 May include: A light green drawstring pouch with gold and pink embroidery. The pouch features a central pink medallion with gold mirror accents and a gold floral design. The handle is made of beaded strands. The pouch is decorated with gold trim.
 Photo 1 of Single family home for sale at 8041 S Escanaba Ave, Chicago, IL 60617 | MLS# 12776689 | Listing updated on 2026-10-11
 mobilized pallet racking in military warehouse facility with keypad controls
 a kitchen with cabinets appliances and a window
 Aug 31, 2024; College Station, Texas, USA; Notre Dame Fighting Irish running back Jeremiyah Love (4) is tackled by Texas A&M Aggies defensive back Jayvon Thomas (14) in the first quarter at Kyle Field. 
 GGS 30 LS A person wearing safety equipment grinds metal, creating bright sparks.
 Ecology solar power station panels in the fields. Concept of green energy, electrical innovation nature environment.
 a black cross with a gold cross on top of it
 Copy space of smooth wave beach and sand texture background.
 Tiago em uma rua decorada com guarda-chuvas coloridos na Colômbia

...

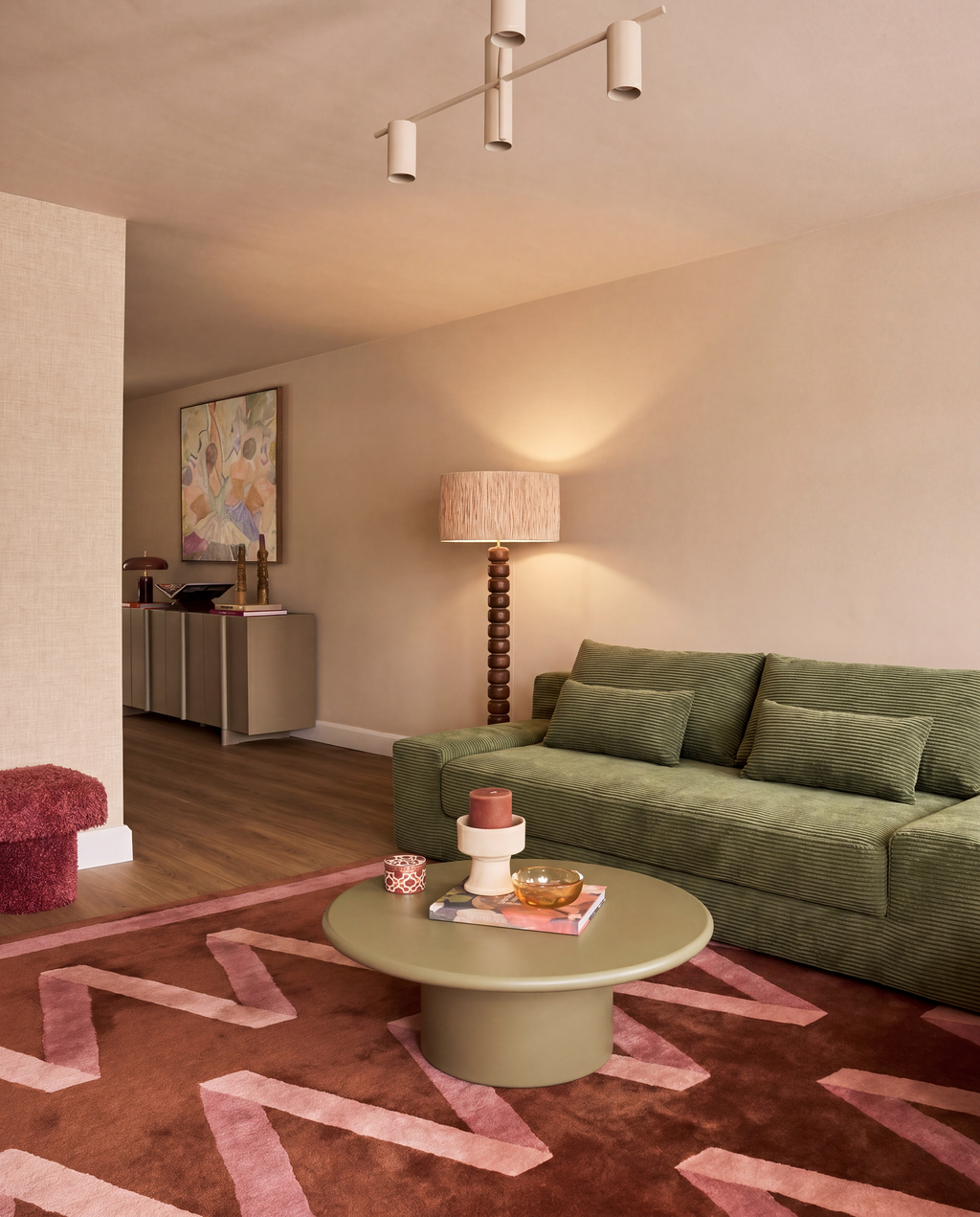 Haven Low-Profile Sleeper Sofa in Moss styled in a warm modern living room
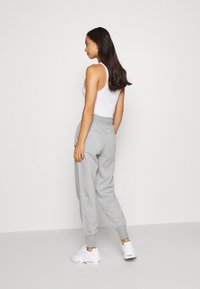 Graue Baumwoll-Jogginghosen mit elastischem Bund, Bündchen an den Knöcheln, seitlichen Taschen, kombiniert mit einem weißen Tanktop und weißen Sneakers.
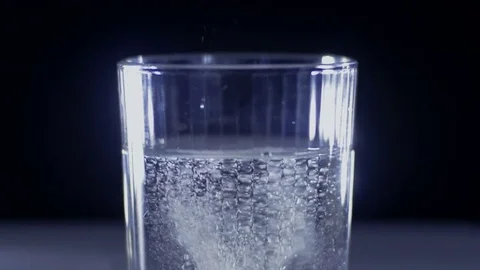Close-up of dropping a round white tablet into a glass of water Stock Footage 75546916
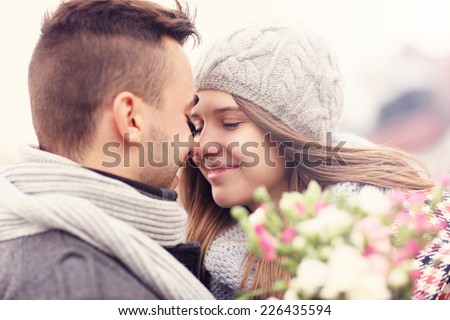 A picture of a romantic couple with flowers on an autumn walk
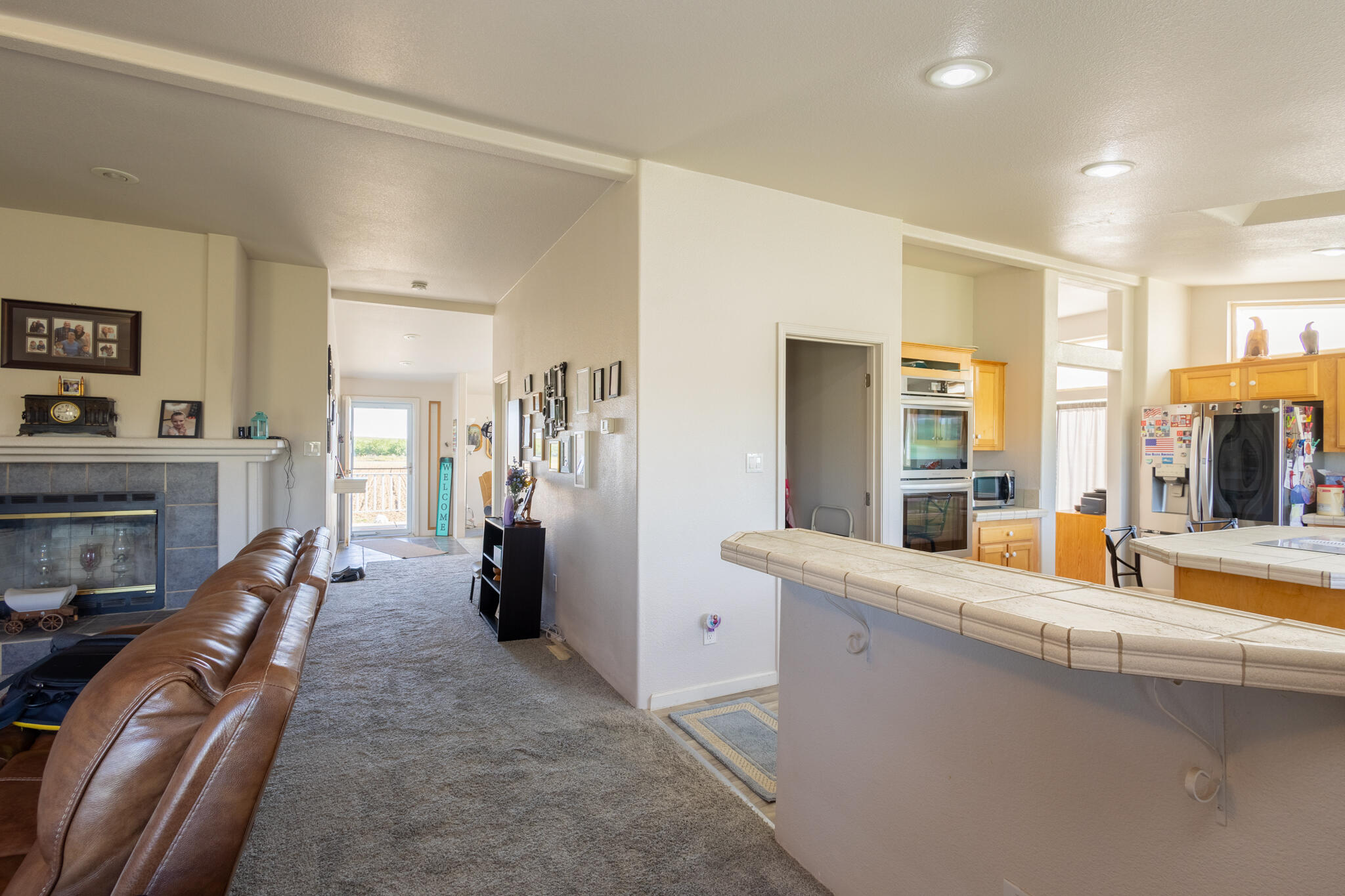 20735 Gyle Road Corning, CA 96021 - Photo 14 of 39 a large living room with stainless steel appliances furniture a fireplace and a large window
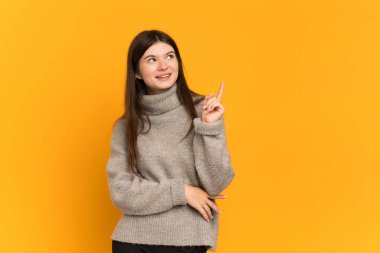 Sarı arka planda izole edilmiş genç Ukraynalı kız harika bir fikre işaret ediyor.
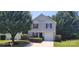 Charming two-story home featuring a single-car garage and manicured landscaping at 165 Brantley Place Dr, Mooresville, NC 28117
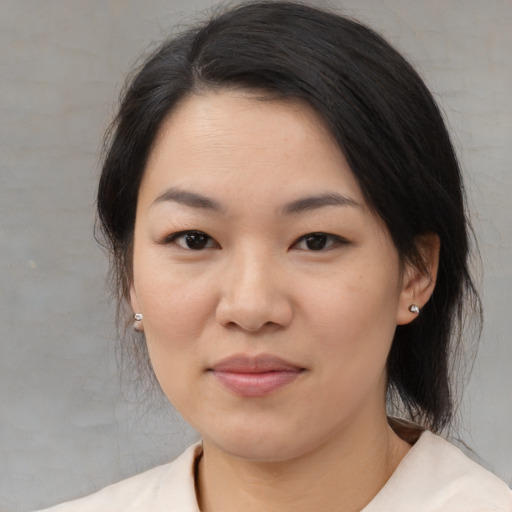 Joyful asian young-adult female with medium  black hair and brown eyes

* * *

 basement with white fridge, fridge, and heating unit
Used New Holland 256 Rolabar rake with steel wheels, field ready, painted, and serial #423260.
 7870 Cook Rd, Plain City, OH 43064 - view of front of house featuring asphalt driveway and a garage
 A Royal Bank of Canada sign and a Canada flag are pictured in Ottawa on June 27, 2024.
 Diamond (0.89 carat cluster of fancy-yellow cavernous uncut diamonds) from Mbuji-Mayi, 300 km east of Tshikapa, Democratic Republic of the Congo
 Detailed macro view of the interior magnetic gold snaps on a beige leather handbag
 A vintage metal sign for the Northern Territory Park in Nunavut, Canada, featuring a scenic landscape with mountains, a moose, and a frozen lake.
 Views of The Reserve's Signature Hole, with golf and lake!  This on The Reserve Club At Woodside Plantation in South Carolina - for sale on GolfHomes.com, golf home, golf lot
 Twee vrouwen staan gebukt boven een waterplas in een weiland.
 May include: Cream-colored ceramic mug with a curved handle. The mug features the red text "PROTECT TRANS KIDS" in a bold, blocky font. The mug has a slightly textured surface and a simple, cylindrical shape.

# [Your task]
Show every line of the material that includes the string "Canada".

# [Finished exercise]
 A Royal Bank of Canada sign and a Canada flag are pictured in Ottawa on June 27, 2024.
 A vintage metal sign for the Northern Territory Park in Nunavut, Canada, featuring a scenic landscape with mountains, a moose, and a frozen lake.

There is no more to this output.